How to do testing during training when using ParallelExecutor.  #9571

@qingqing01

Description

@qingqing01
  1. 如何做并行test?
    参考代码:https://github.com/dzhwinter/benchmark/pull/91/files
    ParallelExecutor用于train:
    exe =  fluid.ParallelExecutor(loss_name=avg_cost.name, use_cuda=True)
    for i xrange(iterations):
       loss = exe.run([avg_cost.name])
    如何用于test?是类似如下吗?
    test_exe =  fluid.ParallelExecutor(loss_name=avg_cost.name, use_cuda=True, main_program =test_program)
    for i xrange(test_iterations):
       loss, top1, top5 = test_exe.run([avg_cost.name, top1.name, top5.name])

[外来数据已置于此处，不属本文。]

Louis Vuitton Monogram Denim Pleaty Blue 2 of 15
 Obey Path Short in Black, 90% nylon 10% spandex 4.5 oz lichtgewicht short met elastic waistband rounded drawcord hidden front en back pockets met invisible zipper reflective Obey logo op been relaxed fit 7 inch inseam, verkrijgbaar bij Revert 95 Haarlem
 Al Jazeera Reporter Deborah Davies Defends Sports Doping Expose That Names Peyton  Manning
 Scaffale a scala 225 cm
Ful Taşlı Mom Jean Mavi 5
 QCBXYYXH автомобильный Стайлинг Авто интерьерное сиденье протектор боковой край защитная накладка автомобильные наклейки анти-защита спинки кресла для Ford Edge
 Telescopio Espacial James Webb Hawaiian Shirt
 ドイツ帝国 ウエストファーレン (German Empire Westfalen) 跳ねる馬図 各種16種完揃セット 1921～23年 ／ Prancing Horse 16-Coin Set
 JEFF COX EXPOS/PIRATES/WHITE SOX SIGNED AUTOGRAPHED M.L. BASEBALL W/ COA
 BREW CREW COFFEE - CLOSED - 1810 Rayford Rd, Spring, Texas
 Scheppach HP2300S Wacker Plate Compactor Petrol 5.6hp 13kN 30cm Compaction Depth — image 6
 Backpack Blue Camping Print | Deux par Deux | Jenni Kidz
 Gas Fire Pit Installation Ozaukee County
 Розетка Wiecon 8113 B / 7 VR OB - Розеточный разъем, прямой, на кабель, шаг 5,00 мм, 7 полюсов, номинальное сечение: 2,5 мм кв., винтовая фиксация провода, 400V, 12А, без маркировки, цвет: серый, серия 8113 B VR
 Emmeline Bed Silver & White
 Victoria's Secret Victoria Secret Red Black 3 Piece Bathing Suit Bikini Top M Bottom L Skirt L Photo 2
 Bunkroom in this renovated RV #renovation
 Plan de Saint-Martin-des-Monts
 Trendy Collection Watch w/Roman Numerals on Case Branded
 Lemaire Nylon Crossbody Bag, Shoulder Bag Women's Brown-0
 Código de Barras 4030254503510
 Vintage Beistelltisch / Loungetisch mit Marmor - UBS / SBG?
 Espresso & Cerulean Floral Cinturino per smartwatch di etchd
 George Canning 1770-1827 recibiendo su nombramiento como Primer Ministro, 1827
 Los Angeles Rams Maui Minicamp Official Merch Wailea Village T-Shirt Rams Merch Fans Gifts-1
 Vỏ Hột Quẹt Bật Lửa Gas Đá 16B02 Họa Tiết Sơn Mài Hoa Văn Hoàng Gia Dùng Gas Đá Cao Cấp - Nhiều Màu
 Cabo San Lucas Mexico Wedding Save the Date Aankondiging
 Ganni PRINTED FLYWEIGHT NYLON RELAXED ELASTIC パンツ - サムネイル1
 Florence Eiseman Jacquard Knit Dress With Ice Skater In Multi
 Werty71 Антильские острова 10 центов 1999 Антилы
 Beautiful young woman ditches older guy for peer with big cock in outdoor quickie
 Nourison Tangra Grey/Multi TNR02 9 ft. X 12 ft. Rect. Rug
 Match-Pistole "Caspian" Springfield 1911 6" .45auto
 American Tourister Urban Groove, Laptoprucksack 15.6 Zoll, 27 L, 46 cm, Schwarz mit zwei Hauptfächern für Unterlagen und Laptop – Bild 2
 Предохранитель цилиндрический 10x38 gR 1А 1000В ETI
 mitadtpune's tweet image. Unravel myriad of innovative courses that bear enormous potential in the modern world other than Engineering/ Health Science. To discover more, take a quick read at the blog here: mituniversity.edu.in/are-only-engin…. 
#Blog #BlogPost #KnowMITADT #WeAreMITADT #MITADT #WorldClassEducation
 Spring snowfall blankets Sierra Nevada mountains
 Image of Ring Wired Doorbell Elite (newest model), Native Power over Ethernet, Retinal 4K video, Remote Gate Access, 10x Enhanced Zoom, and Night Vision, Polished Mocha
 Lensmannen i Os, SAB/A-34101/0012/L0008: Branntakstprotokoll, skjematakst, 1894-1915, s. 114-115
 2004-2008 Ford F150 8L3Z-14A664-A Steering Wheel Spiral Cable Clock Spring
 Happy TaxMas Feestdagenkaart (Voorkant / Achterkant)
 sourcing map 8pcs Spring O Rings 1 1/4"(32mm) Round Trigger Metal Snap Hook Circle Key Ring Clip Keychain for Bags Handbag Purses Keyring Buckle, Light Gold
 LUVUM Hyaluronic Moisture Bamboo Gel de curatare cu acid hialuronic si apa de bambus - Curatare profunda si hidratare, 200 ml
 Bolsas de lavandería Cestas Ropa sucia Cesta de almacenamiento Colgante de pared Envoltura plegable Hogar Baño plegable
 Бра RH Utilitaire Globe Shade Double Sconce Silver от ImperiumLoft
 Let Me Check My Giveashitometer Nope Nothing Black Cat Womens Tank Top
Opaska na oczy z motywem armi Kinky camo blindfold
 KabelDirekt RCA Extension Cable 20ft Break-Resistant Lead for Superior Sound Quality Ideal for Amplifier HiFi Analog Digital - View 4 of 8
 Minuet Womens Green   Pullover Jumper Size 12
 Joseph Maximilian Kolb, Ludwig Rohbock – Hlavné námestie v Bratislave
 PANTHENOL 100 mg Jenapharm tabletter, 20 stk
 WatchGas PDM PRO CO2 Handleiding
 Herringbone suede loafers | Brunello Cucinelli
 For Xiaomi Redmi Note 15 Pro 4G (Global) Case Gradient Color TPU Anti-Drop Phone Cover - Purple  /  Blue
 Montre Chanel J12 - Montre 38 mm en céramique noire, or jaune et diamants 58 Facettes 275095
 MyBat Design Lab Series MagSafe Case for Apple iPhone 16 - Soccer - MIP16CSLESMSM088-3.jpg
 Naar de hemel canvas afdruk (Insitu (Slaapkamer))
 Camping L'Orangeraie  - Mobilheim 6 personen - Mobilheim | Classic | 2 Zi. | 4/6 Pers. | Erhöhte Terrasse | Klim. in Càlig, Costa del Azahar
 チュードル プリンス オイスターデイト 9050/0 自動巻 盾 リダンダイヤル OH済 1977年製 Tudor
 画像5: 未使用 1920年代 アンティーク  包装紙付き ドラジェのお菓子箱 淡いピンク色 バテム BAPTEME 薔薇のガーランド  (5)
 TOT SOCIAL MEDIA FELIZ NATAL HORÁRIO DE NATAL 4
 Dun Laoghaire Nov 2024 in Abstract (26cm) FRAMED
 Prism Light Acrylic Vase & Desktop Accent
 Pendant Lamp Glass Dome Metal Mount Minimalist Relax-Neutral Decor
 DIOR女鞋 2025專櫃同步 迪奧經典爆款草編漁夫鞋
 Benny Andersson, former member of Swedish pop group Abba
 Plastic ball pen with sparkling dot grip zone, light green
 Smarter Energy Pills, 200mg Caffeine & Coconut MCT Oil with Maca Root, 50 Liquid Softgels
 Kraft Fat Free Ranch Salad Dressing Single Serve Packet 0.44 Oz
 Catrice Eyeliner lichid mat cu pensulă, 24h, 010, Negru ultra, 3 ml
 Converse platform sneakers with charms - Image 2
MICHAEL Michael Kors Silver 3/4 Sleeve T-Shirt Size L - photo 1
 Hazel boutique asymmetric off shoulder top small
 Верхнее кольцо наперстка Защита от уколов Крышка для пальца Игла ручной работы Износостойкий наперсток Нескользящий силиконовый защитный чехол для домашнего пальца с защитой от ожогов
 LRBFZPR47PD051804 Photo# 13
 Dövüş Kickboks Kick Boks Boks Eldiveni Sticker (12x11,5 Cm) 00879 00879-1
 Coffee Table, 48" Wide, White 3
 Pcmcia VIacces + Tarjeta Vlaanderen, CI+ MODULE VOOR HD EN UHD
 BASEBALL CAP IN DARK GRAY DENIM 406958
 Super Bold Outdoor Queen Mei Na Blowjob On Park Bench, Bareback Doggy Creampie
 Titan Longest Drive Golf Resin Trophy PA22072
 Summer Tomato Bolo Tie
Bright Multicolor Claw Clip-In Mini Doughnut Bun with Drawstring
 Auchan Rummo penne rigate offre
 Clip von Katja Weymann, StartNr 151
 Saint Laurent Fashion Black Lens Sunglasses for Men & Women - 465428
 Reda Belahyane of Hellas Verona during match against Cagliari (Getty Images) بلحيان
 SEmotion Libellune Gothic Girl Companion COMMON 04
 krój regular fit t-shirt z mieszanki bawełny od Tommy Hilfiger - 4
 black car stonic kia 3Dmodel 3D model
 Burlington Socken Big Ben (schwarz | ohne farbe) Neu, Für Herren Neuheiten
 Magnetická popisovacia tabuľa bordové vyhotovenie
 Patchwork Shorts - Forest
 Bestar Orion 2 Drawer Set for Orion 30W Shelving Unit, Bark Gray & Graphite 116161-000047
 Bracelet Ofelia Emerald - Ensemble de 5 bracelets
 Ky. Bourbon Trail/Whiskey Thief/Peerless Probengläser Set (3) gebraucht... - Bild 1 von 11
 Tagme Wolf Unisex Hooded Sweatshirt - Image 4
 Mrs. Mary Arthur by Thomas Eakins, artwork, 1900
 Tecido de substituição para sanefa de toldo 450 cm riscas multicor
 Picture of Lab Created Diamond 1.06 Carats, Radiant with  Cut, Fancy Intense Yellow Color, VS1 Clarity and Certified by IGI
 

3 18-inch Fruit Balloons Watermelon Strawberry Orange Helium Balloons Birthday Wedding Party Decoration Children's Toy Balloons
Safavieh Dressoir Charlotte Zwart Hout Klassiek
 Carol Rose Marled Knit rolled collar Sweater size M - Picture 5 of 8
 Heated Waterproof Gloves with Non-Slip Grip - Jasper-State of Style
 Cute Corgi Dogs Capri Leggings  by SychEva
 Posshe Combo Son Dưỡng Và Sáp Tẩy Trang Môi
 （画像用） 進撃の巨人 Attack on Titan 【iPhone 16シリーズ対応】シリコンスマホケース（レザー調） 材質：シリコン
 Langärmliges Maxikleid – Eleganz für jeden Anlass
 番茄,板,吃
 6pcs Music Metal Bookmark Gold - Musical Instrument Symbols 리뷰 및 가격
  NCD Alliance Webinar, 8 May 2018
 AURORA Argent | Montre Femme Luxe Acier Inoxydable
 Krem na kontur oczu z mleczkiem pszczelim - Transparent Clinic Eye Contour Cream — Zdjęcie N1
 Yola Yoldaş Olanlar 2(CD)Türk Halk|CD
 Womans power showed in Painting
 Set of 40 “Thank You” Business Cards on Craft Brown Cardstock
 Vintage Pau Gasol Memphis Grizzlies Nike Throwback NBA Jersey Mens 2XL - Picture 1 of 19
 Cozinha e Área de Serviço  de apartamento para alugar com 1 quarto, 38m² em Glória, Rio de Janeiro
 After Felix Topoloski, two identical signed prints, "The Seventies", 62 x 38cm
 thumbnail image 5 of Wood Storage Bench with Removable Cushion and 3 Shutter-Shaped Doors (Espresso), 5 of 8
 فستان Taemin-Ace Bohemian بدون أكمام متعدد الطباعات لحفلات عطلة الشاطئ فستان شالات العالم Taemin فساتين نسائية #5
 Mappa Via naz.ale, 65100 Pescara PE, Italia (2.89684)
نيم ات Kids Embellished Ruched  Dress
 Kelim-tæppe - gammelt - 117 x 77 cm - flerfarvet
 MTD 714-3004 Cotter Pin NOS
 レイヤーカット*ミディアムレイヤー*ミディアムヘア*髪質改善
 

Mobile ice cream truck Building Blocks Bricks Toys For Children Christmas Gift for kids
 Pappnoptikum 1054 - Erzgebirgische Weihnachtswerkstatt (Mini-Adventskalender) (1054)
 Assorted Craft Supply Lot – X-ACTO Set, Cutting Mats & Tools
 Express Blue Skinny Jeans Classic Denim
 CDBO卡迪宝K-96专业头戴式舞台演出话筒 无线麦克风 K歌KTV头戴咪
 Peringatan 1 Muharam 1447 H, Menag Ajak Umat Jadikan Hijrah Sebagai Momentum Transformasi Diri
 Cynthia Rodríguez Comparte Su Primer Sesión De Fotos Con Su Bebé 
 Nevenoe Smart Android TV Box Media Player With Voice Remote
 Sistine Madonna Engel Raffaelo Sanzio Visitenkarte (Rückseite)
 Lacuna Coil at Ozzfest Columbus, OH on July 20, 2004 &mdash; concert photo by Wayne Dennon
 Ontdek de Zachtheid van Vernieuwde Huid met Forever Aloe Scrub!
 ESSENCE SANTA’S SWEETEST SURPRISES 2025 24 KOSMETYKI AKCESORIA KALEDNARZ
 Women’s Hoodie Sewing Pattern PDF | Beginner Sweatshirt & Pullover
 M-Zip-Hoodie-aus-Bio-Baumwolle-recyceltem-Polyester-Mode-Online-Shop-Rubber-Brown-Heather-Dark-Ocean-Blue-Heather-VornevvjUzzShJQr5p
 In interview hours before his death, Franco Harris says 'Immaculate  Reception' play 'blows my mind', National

ParallelExecutor用于test,当前存在以下问题】:


  1. ParallelExecutor构造函数【始终】运行了一个startup_program。
    • 代码: https://github.com/PaddlePaddle/Paddle/blob/develop/paddle/fluid/framework/parallel_executor.cc#L56
    • 存在的问题:并行测试startup_program是什么?要去掉startup_program里参数初始化吗?
    • 是否要移动到Python里?:
        1. 删掉C++里的exe.Run(startup_program, scope, 0);
        1. Python中ParallelExecutor构造函数判断是否要做初始化?
        class ParallelExecutor(object):
          def __init__(self, loss_name, use_cuda, num_threads=None,
               main_program=None, startup_program=None, run_startup=True):
            # ...
            startup = startup_program if startup_program else framework.default_startup_program()
            if run_startup:
              place = core.CUDAPlace(0) if use_cuda else core.CPUPlace()
              exe = executor.Executor(place)
              exe.run(startup)

  1. ParallelExecutor里不管输入的Program是什么,【始终】创建grad vars和插入用于grad聚合的NCCLAllReduceOp

  1. ParallelExecutor不支持Python data reader。Recordio
    参考代码 https://github.com/dzhwinter/benchmark/pull/91/files
    train的Program定义如下, 训练数据路径是./flowers.train.recordio,以及相关的var是train Program的一部分。
    with fluid.program_guard(main, startup):
        reader = fluid.layers.open_recordio_file(
            filename='./flowers.train.recordio',
            shapes=[[-1, 3, 224, 224], [-1, 1]],
            lod_levels=[0, 0],
            dtypes=['float32', 'int64'])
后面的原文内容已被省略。